Jassy also described the robotics business as “a major project” for Amazon. With over 1 million robots in its fulfillment logistics network, automation will take on repetitive and hazardous tasks to significantly boost productivity and efficiency.

“We will continue optimizing inventory placement to shorten transportation distances, reduce handling times per package, and greatly improve package consolidation, while also launching cutting-edge robotics and automation technologies to enhance efficiency and customer experience,” Jassy said during the earnings call.

However, just weeks after Amazon abandoned development of its multi-arm robot product “Blue Jay,” the company decided to scale back its robotics division. This robot was initially expected to be widely deployed in Amazon’s same-day delivery warehouses.

AI Compute Infrastructure Takes Priority Over Everything

Amazon’s management is now shifting capital and talent from longer-term, complex robotics projects to the faster-to-monetize AI compute infrastructure layer. The layoffs in the robotics division, confirmed after the company’s large-scale layoffs in January, are part of this strategy. Meanwhile, Amazon has increased its 2026 capital expenditure target to $200 billion, mainly focusing on AWS and AI infrastructure. At the same time, Amazon has not abandoned its ambitions in warehouse automation: last year, it announced that its operational network had deployed 1 million robots and launched the generative AI model DeepFleet to coordinate robot fleets, claiming it can improve fleet efficiency by 10%. This suggests that the cuts are more about marginal returns on certain robotics projects rather than abandoning automation altogether.

In other words, Amazon’s current cost strategy resembles a typical technology stack overhaul: first building a universal AI platform and self-developed compute base, then leveraging this “cost-effective and scalable intelligence” to support robotics and fulfillment networks. This is not about “robots losing to AI,” but rather integrating robots into an AI platform strategy at the downstream application level.

From the perspective of the underlying relationship between robotics and AI data centers, Amazon seems to acknowledge a key reality: the future bottleneck is primarily the economics of compute power, followed by the form of terminal automation. Robots remain important, but they are increasingly seen as downstream execution layers within Amazon’s ecosystem. The real determinants of scaling speed, unit costs, and iteration efficiency are whether upstream can train/deploy models at lower costs and reuse these capabilities across AWS customers, Nova, Alexa, Rufus, and warehouse scheduling and robot control.

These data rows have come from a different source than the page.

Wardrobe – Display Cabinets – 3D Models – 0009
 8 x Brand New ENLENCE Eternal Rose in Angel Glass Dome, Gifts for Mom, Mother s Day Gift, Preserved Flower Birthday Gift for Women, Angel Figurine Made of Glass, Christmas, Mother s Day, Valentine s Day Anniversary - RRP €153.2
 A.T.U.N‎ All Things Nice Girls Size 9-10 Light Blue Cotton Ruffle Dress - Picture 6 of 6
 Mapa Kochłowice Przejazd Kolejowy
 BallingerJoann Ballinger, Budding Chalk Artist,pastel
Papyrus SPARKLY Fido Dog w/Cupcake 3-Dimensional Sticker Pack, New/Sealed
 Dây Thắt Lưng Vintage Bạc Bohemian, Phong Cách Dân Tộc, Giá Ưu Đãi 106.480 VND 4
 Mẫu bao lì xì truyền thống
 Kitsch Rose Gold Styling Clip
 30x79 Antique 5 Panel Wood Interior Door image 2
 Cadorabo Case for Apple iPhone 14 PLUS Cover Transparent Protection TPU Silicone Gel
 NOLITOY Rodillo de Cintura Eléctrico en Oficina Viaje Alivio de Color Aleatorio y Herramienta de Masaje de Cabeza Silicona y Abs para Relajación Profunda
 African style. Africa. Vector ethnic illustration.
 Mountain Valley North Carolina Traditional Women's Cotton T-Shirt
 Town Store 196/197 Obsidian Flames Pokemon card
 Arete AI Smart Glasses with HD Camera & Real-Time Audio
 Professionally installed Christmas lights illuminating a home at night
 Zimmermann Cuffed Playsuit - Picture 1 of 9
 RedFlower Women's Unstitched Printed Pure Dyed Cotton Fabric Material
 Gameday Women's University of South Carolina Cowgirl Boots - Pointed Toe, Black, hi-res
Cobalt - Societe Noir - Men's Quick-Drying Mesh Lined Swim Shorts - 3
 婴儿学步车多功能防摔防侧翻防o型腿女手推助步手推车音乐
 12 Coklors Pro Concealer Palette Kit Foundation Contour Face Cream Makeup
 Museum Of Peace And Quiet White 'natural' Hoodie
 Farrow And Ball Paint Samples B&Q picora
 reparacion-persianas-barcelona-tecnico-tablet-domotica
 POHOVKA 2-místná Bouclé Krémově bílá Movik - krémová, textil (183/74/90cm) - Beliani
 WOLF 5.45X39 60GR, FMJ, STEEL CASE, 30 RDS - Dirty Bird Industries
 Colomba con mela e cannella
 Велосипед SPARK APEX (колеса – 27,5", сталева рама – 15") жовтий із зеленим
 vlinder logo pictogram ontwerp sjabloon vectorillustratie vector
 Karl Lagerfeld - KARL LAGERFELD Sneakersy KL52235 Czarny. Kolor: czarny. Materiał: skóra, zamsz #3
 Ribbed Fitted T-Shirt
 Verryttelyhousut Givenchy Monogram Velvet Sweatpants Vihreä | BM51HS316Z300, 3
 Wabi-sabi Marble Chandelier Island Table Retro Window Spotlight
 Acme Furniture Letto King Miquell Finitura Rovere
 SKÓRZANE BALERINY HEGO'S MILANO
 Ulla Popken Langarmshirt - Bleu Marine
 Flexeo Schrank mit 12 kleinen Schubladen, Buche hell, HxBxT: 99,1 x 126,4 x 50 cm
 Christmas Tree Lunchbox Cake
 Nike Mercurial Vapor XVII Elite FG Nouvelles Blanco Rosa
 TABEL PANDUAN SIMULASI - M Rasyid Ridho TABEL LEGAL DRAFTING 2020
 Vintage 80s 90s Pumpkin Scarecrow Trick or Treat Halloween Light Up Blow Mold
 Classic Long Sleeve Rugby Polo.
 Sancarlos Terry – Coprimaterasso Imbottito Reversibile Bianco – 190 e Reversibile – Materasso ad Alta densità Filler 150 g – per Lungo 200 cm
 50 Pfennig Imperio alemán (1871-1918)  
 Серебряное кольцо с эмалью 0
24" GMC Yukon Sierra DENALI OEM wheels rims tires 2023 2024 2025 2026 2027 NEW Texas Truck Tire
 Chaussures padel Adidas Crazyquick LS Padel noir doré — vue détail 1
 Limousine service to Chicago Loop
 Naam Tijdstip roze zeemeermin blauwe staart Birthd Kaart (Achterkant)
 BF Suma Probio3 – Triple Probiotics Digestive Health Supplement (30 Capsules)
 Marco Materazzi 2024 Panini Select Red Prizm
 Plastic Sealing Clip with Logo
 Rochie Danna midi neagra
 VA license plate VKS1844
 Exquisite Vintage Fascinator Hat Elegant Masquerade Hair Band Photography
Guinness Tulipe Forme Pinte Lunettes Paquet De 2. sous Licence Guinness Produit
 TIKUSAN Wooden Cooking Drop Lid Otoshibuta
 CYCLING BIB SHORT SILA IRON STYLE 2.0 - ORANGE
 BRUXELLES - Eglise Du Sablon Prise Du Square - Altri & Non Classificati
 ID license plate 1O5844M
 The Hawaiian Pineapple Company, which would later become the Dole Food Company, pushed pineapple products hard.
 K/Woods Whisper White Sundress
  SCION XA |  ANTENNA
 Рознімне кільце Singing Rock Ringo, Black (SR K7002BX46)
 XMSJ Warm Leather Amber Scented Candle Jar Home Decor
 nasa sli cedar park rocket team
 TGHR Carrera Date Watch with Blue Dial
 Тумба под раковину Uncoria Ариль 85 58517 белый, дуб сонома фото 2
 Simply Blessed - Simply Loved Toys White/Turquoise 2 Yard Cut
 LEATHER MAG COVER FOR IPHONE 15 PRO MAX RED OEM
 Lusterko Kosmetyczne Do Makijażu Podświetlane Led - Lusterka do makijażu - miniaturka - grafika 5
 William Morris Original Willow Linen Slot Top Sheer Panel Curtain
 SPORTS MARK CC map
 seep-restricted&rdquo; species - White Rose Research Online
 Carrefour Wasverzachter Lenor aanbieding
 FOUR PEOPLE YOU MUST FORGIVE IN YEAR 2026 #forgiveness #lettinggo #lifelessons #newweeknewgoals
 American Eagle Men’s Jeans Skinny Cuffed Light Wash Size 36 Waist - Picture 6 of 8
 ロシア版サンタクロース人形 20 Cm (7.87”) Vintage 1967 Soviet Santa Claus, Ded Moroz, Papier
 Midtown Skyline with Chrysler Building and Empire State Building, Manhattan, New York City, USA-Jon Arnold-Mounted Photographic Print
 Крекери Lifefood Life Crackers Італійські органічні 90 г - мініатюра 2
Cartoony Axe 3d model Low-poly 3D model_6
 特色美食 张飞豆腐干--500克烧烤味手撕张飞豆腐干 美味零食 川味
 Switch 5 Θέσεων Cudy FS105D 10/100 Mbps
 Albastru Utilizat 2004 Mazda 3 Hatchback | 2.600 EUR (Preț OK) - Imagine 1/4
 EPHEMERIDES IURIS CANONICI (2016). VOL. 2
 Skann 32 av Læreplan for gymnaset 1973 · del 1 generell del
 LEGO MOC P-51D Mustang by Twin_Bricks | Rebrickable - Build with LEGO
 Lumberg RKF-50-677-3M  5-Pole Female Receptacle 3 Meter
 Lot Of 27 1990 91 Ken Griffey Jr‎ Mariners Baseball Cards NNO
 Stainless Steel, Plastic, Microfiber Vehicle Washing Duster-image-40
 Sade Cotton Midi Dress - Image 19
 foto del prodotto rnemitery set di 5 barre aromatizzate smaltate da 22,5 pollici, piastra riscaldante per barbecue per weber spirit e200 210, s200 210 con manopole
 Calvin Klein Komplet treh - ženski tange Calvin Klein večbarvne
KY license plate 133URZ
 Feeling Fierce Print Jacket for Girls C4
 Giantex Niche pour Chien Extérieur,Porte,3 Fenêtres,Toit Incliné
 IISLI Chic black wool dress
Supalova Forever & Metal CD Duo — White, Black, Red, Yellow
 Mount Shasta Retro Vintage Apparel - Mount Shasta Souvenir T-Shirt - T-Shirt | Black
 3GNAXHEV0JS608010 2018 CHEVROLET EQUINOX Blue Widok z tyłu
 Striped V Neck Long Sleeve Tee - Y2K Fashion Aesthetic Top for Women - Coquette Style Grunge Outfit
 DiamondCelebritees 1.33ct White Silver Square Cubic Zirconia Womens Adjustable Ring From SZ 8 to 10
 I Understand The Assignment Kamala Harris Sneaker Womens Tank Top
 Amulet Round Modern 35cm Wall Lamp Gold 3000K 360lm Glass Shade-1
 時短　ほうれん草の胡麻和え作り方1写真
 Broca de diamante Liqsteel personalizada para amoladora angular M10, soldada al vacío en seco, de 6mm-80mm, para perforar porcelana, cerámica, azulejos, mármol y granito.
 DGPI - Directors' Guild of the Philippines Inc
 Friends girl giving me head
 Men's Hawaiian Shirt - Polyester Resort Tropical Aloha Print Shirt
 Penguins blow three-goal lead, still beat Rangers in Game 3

Amazon’s stock rose nearly 4% on Wednesday, closing at its best single-day performance since November, driven by a rebound in tech stocks amid rising risk appetite, strong US service sector growth—the fastest since mid-2022—and easing inflation pressures. Additionally, better-than-expected ADP employment data boosted confidence, temporarily overshadowing macroeconomic concerns from Middle East geopolitical tensions. The three major US stock indices all rose, US Treasuries and the dollar declined, and risk assets like cryptocurrencies surged accordingly.